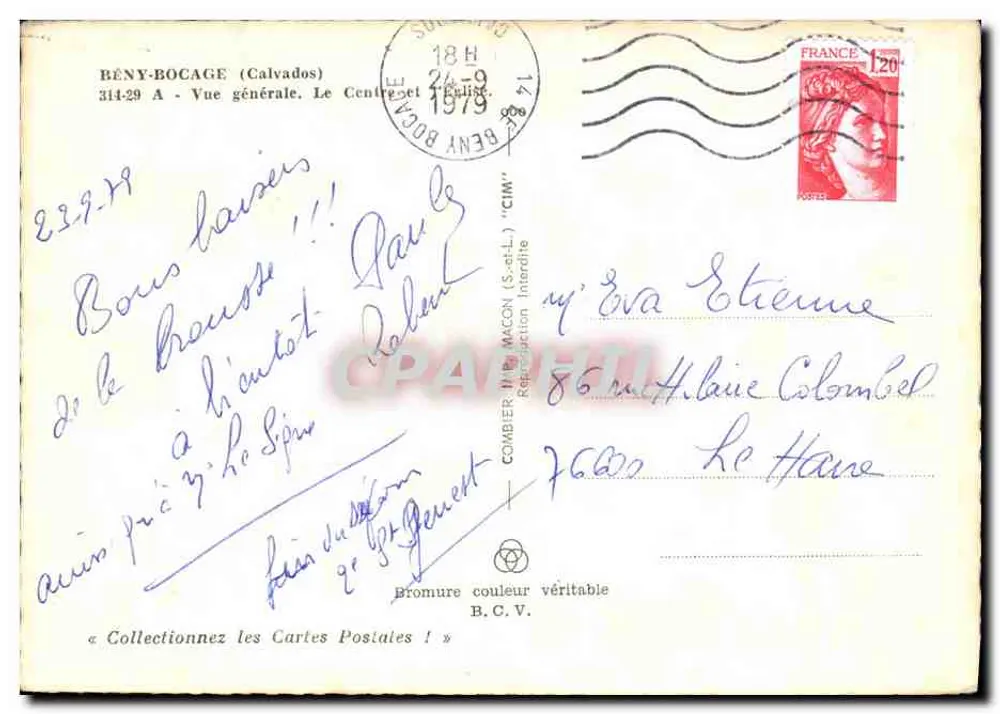 Bény-Bocage (Calvados) — Vue générale. Le Centre et l'Église — Éditeur : Cimbert (S.-et-L.) - Verso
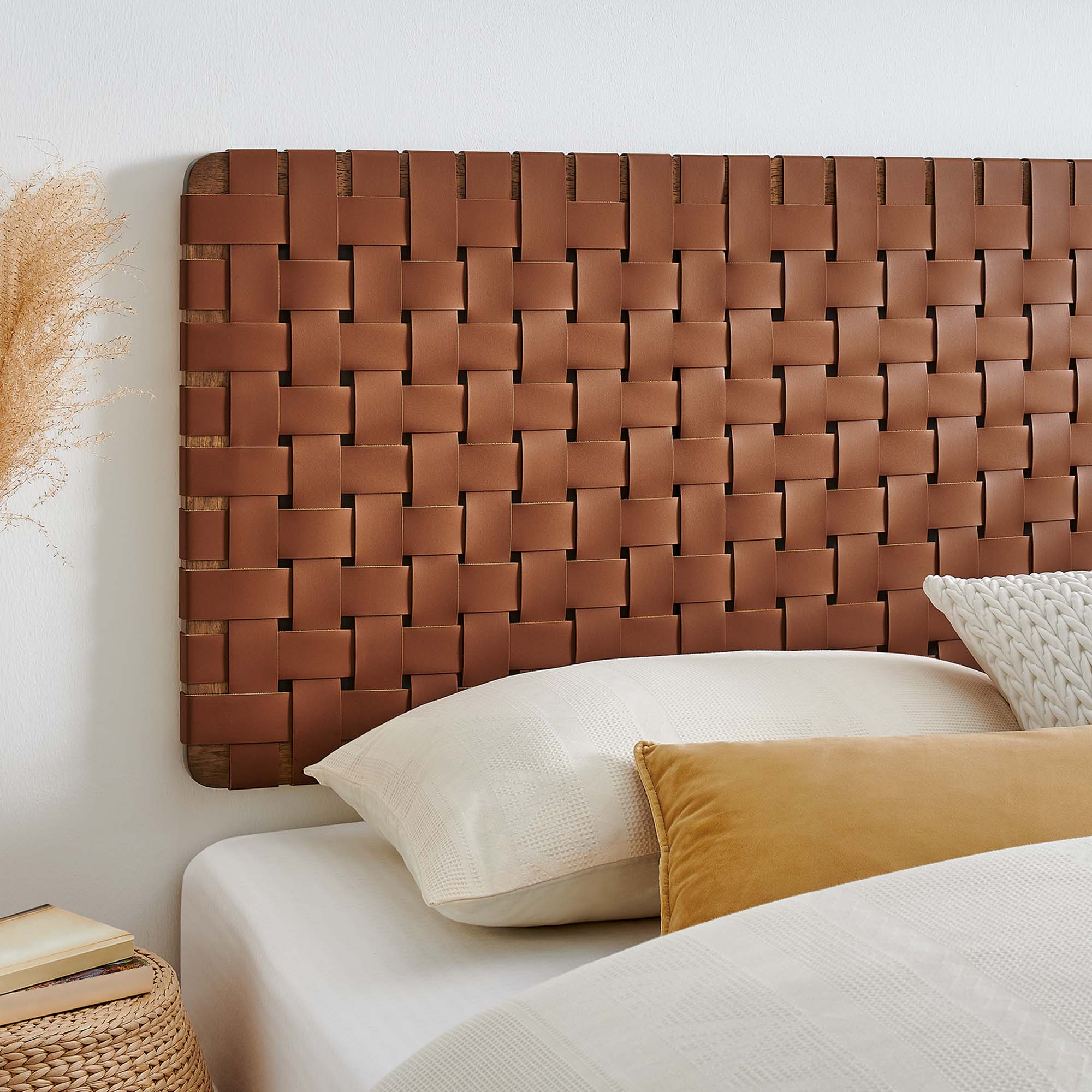 Sparta Weave Wall-Mount Vegan Leather King Headboard by Modway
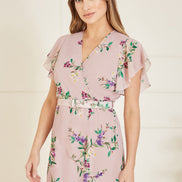 Yumi Blush Wrap Over Midi Dress with Frill Details and Matching Belt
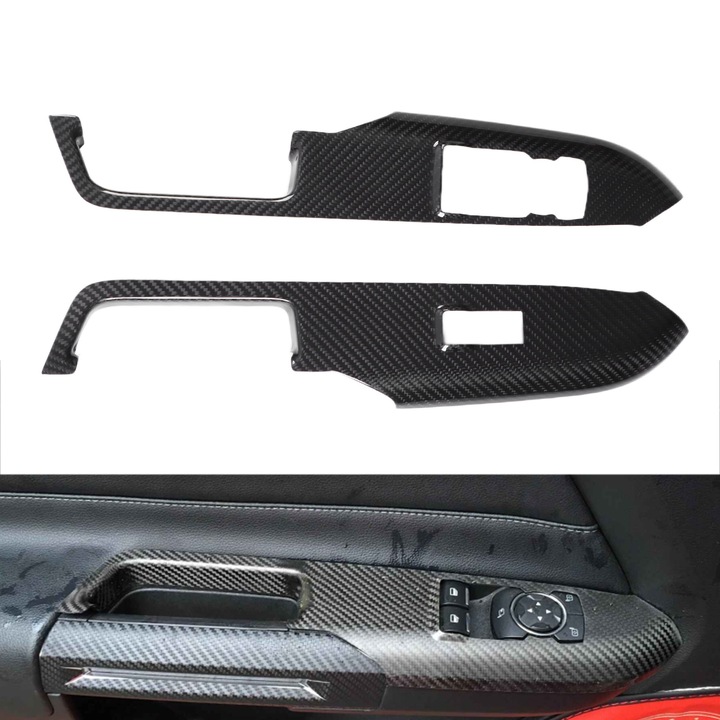 2 darab belső kartámasz panel burkolat csere szénszálas Ford Mustang RHD 2015-2021-hez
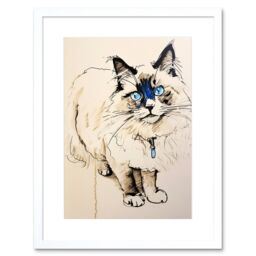 "Artery8 Wall Art Print Blue Point Ragdoll Cat Sketch Drawing Portrait Artwork Framed 9X7 Inch in White - Size: W7"" x H9""" - thumbnail 1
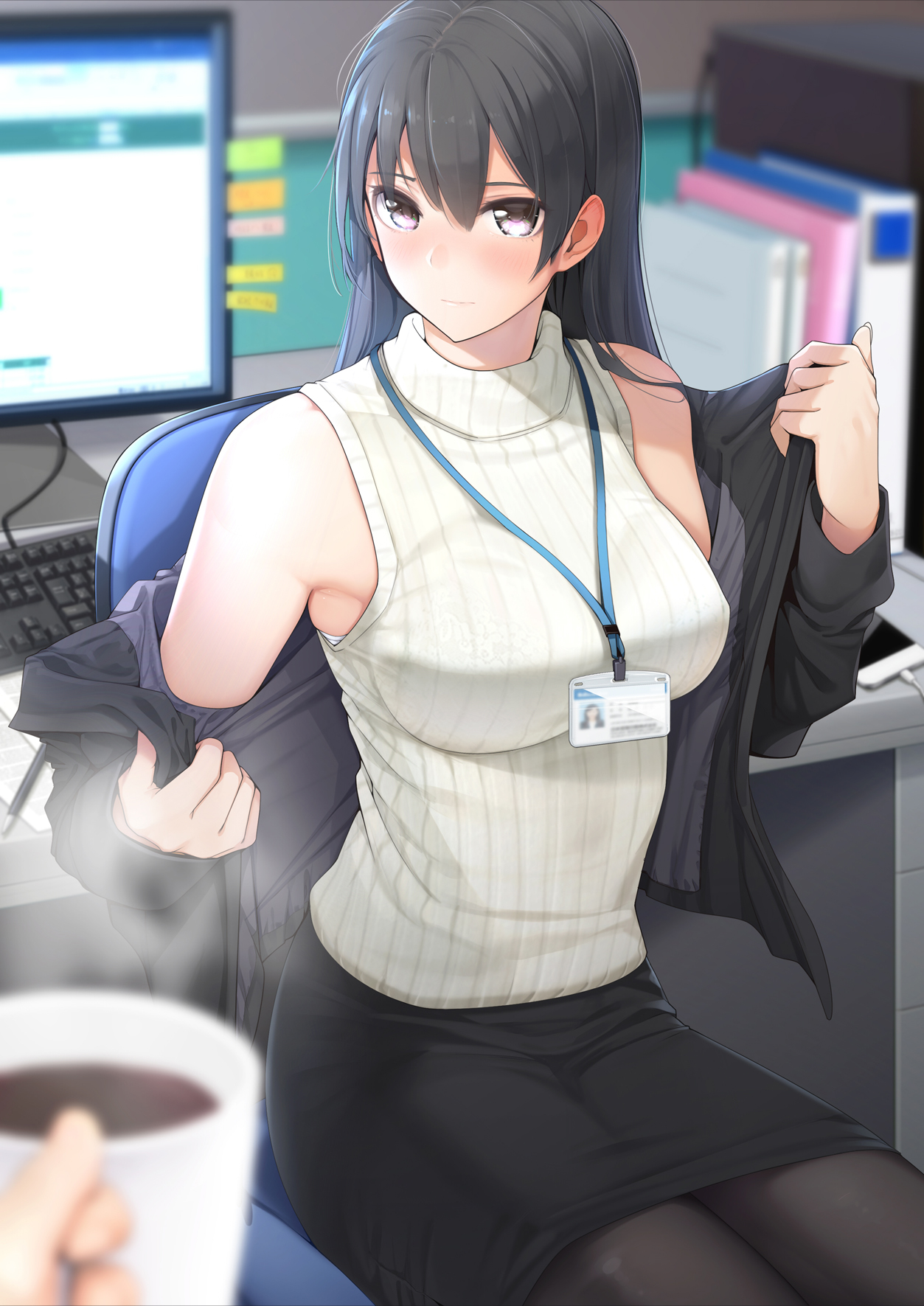 Anime 1253x1771 anime looking at viewer office girl blushing skirt coffee long hair keyboards monitor books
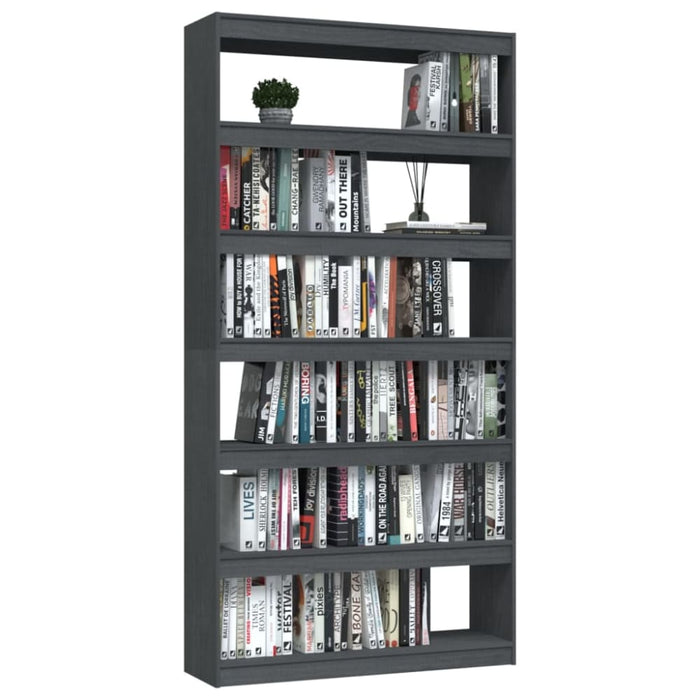 Book Cabinet Room Divider Grey 100x30x200 Cm Solid Pinewood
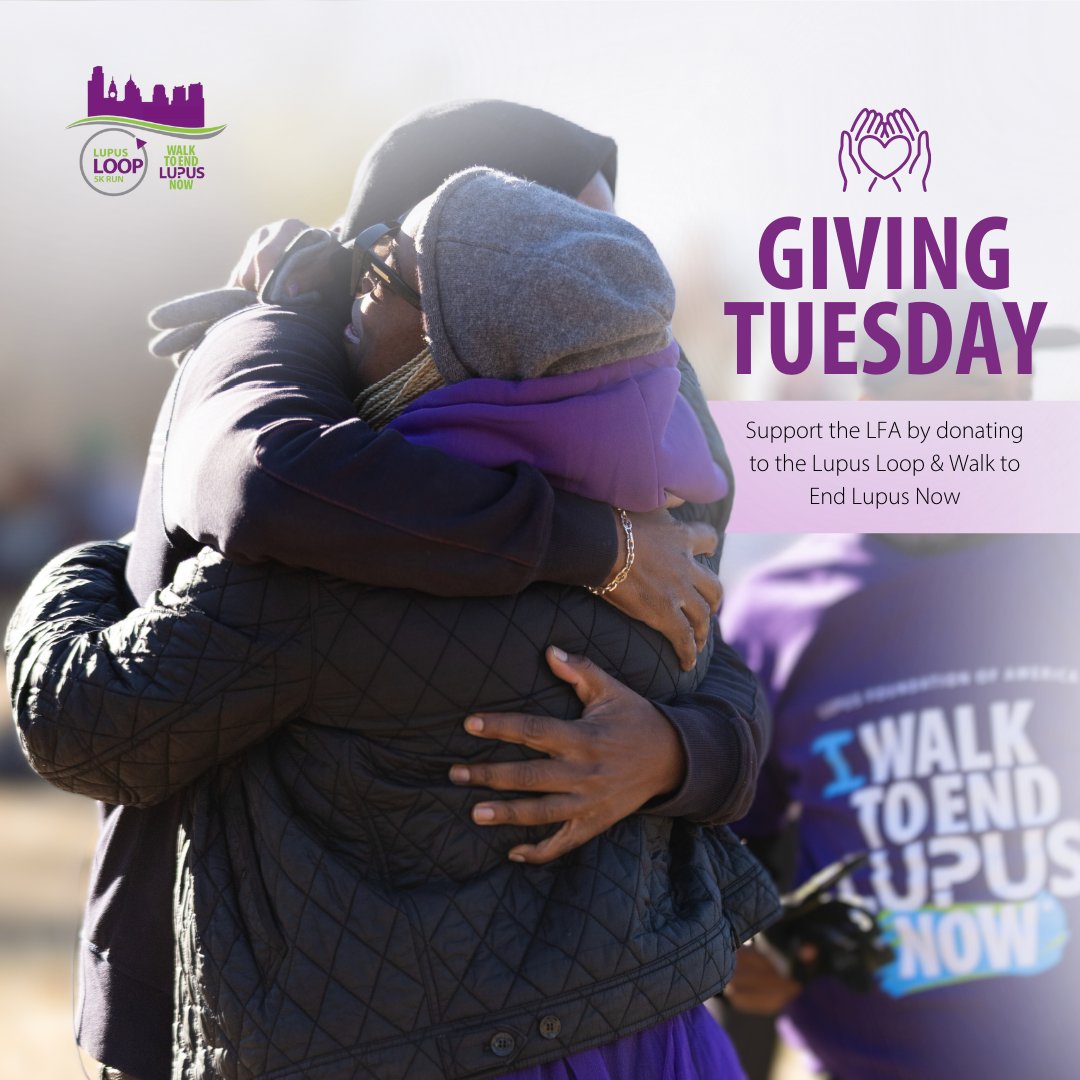 LupusPDVregion's tweet photo. Happy Giving Tuesday! Join us in making a difference today! Your support for the Lupus Loop &amp; Walk to End Lupus Now empowers local lupus warriors with the care and resources they deserve💜

Donate today at https://t.co/fDiFJOtpjn

#GivingTuesday https://t.co/MGSfYCS29d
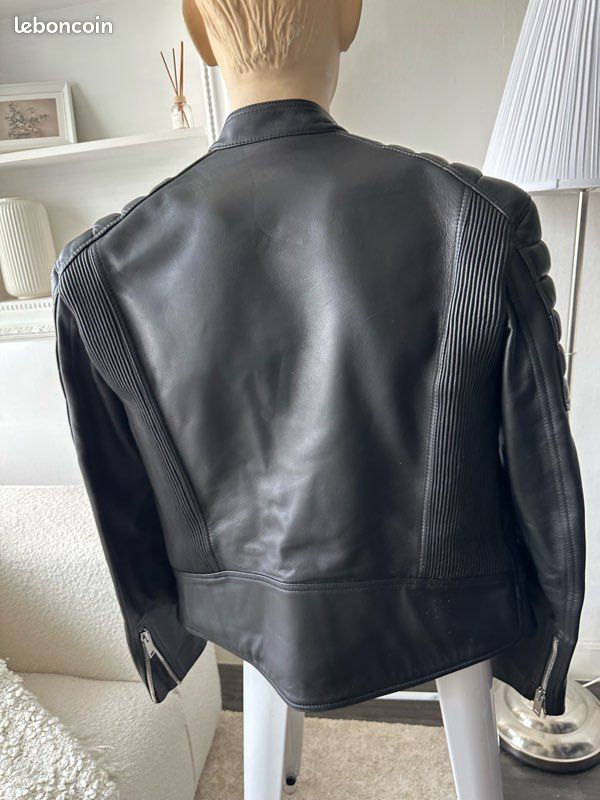 Veste En Cuir Sandro Daytona Noire Taille S - Occasion En Très Bon état
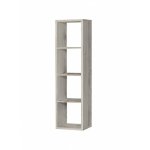 Etagre colonne 4 casiers dcor chne gris - classico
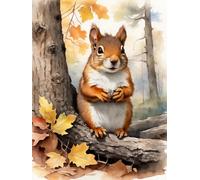 Gofission 11ct Stamped Cross Stitch Kits for Adults Beginners, Squirrel Under The Tree DIY Pre Printed Cross Stitch Embroidery Set with Accessories Wall Decor 40x50cm (Squirrel)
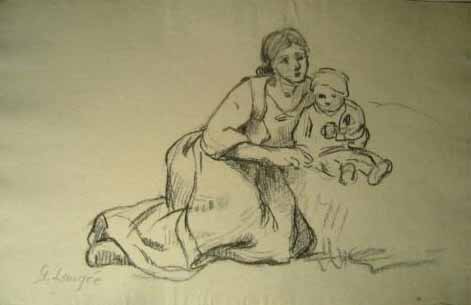 Femme avec bb par Georges Paul Franois Laurent Lauge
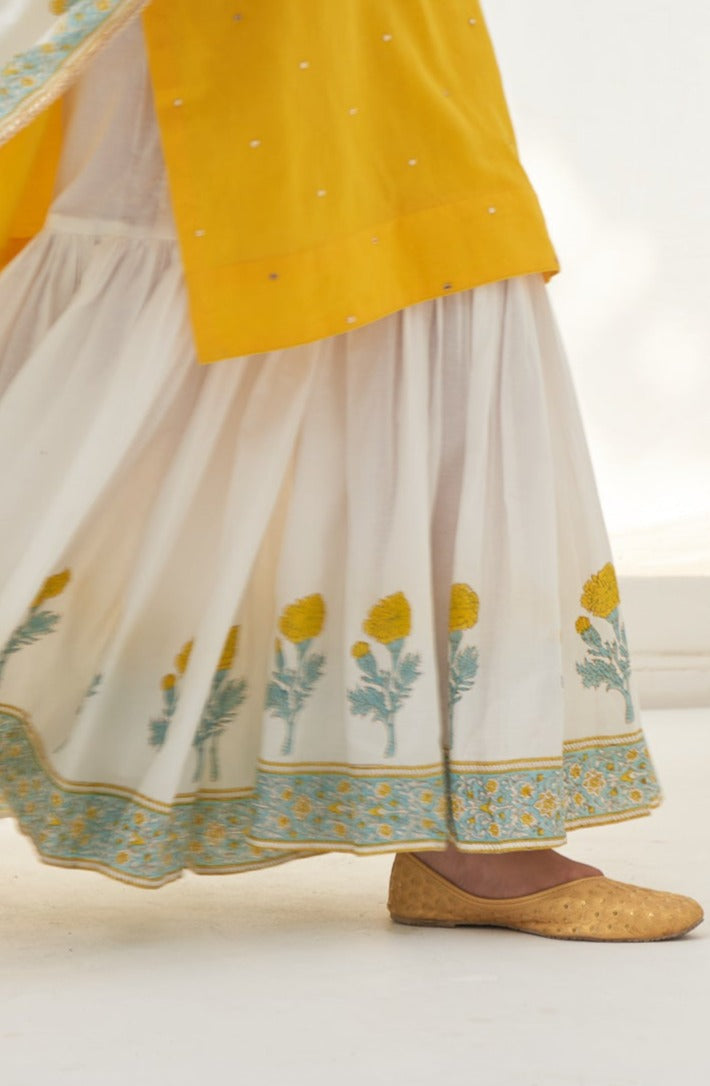 Yellow Mukaish Cotton Kurta With Marigold Block Printed Sharara- Set Of 3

__PROBLEM REQUIREMENTS__: Exactly repeat the material from its first line through the line with "2 darab belső", including both, and leave the pictures and everything else out.

__EXERCISE SOLUTION__:
 Bény-Bocage (Calvados) — Vue générale. Le Centre et l'Église — Éditeur : Cimbert (S.-et-L.) - Verso
 Sparta Weave Wall-Mount Vegan Leather King Headboard by Modway
 Yumi Blush Wrap Over Midi Dress with Frill Details and Matching Belt
 2 darab belső kartámasz panel burkolat csere szénszálas Ford Mustang RHD 2015-2021-hez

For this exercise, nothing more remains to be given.